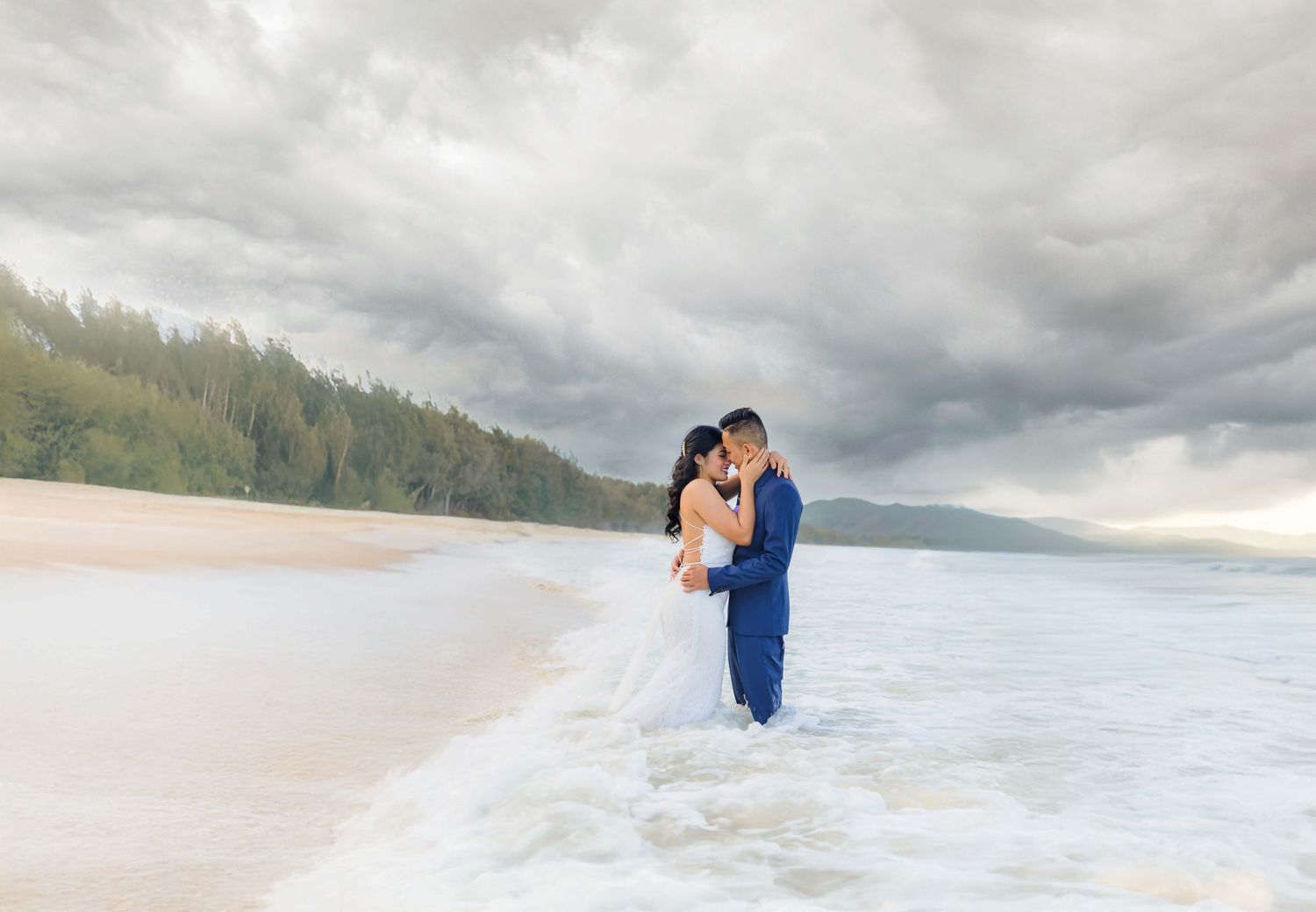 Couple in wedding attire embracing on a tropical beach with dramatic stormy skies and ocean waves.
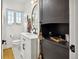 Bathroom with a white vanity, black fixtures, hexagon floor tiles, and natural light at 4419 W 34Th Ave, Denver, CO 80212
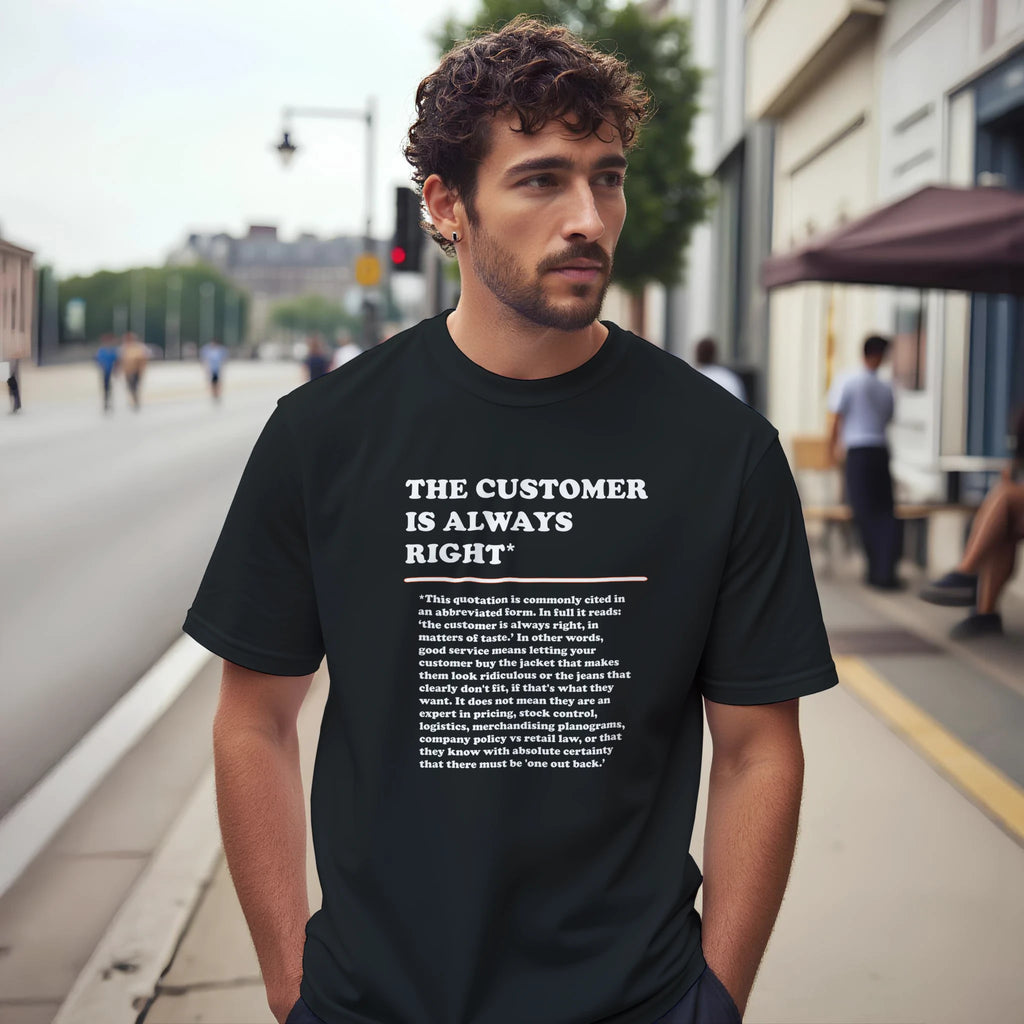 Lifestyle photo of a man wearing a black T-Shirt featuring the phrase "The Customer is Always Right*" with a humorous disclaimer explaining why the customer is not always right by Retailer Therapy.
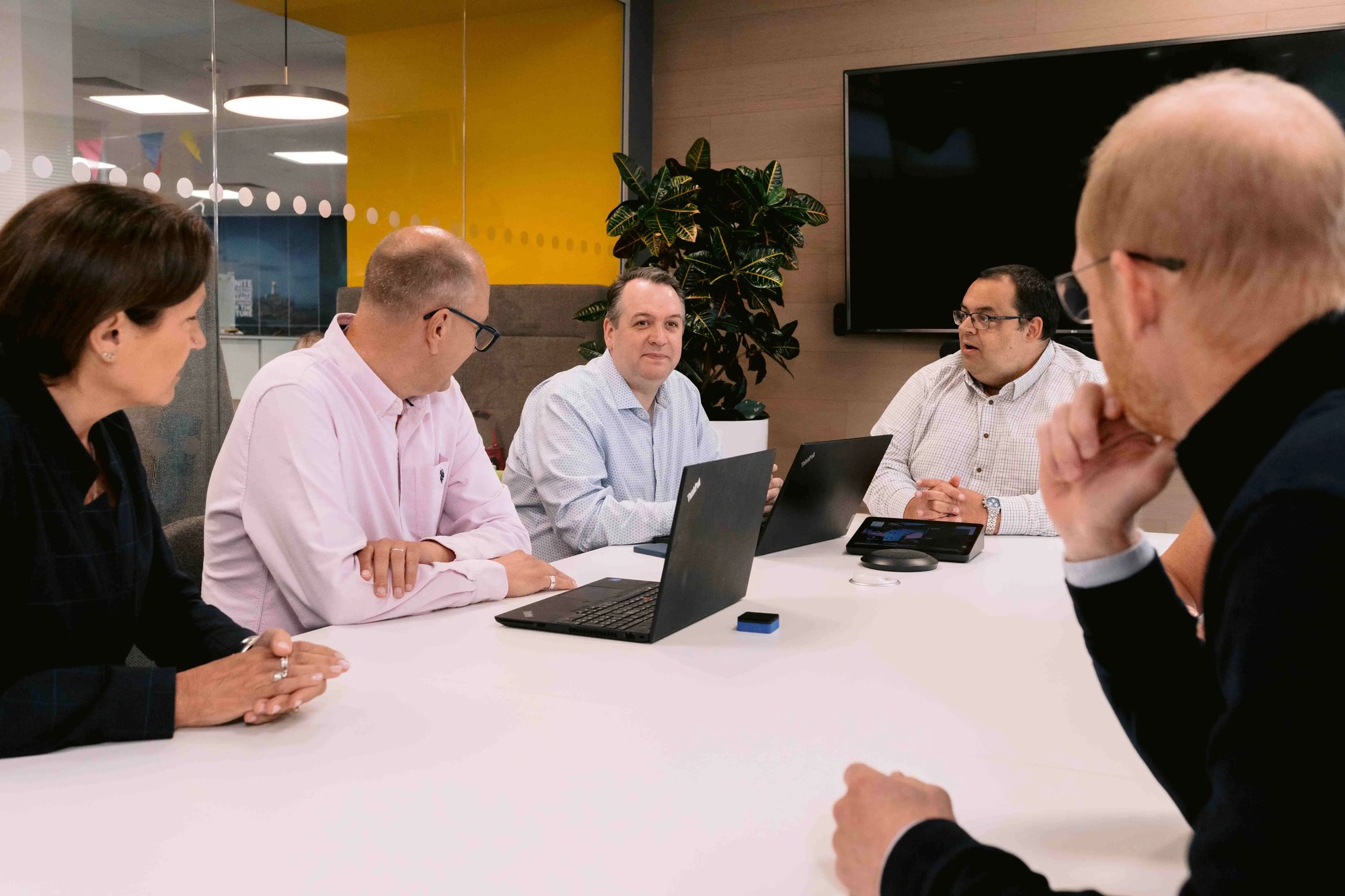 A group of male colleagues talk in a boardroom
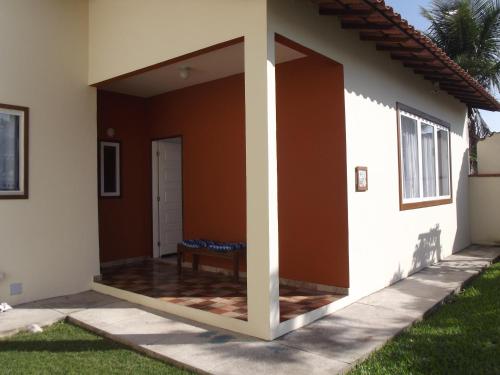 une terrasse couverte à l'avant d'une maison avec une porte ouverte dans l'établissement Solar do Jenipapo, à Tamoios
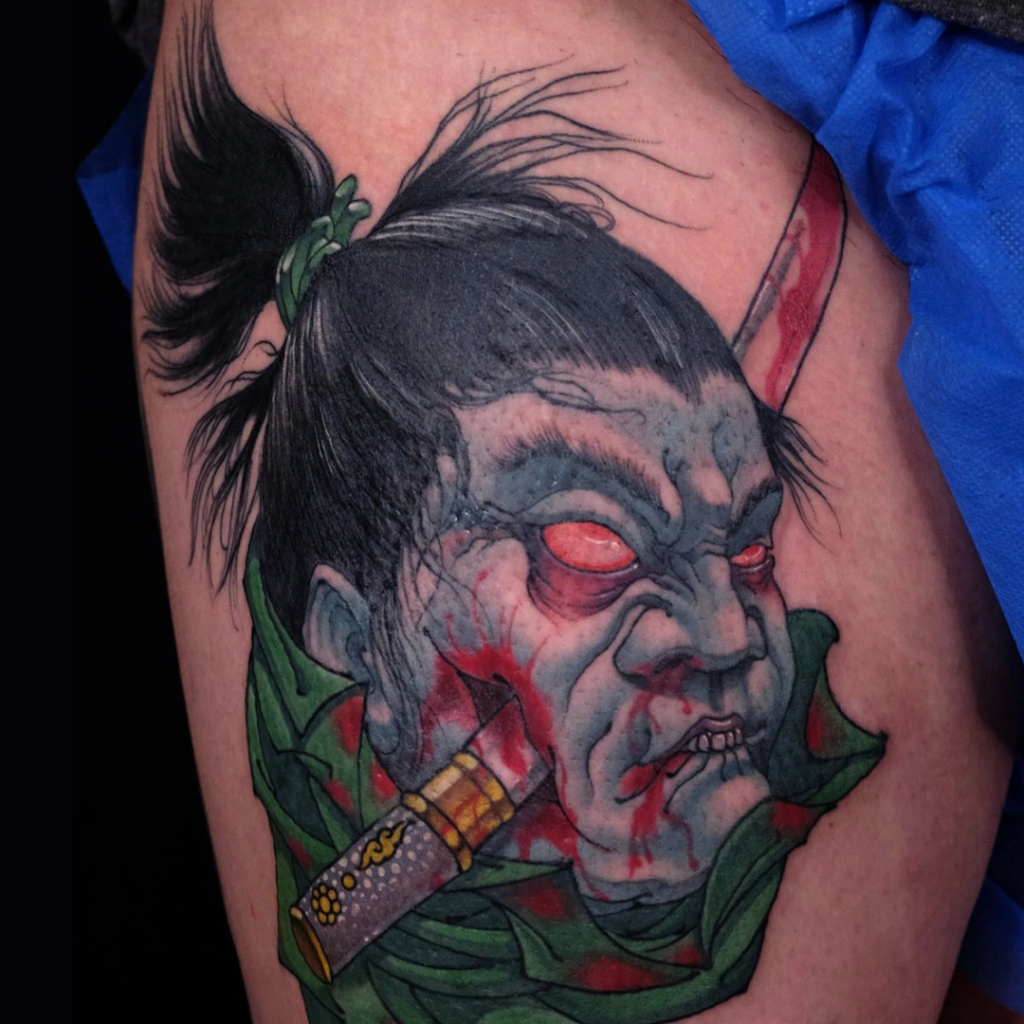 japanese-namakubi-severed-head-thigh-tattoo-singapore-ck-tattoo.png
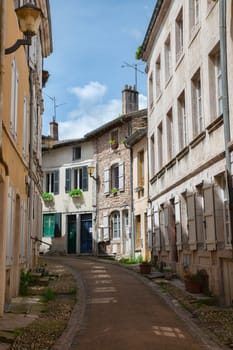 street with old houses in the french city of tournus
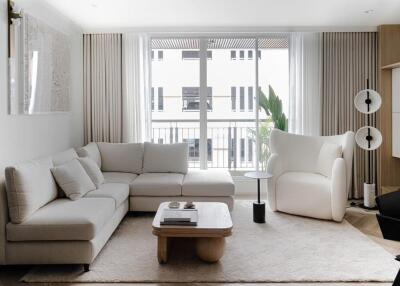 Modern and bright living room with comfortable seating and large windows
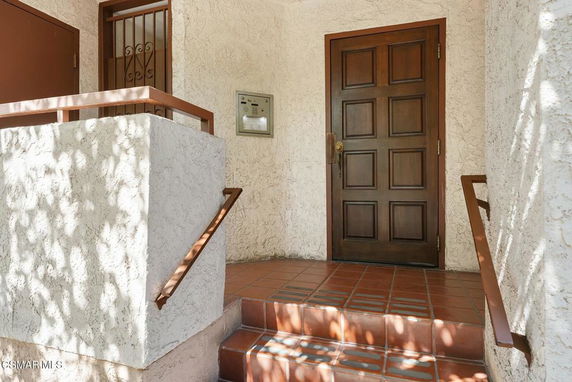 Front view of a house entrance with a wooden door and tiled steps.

▸ **DESCRIPTION OF THE TASK**:
Reproduce the listing word for word and omit its pictures.

▸ **TASK OUTPUT**:
 Couple in wedding attire embracing on a tropical beach with dramatic stormy skies and ocean waves.
 Bathroom with a white vanity, black fixtures, hexagon floor tiles, and natural light at 4419 W 34Th Ave, Denver, CO 80212
 Lifestyle photo of a man wearing a black T-Shirt featuring the phrase "The Customer is Always Right*" with a humorous disclaimer explaining why the customer is not always right by Retailer Therapy.
 A group of male colleagues talk in a boardroom
 une terrasse couverte à l'avant d'une maison avec une porte ouverte dans l'établissement Solar do Jenipapo, à Tamoios
 japanese-namakubi-severed-head-thigh-tattoo-singapore-ck-tattoo.png
 street with old houses in the french city of tournus
 Modern and bright living room with comfortable seating and large windows
 Front view of a house entrance with a wooden door and tiled steps.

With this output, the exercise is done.